Blue Is The Warmest Color 

Edited neither for content nor length, the three-hour French romance Blue Is The Warmest Color arrives stateside fully intact, in all its sexually explicit glory. That's a smart, gutsy move on the part of U.S. distributor Sundance Selects: Though the dependably prudish MPAA has slapped the film with an NC-17, much of the buzz surrounding it centers on those insanely erotic lesbian love scenes—impressive not just for their frankness and duration, but also the passion of their participants.

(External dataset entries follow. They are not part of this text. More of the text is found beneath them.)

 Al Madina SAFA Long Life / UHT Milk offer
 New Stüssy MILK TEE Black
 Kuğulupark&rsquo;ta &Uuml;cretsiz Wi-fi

Expressive newcomer Adèle Exarchopoulos plays a suburban teen who falls, with just a single sidelong glance, under the sway of a blue-haired seductress (Léa Seydoux, who's maybe best known to American audiences as the near-mute French assassin in Mission: Impossible—Ghost Protocol). The two actresses are really the whole show here, a fact acknowledged by Steven Spielberg and the rest of the 2013 Cannes jury when they handed the Palme D'Or not just to Blue's director, Abdellatif Kechiche, but also to its brave young starlets. While the above trailer disguises the languid pace and includes few glimpses of beneath-the-sheets action, it does a fine job of conveying the movie's sheer emotional intensity. Also, there are worse marketing strategies than stringing together a bunch of close-ups of Léa Seydoux.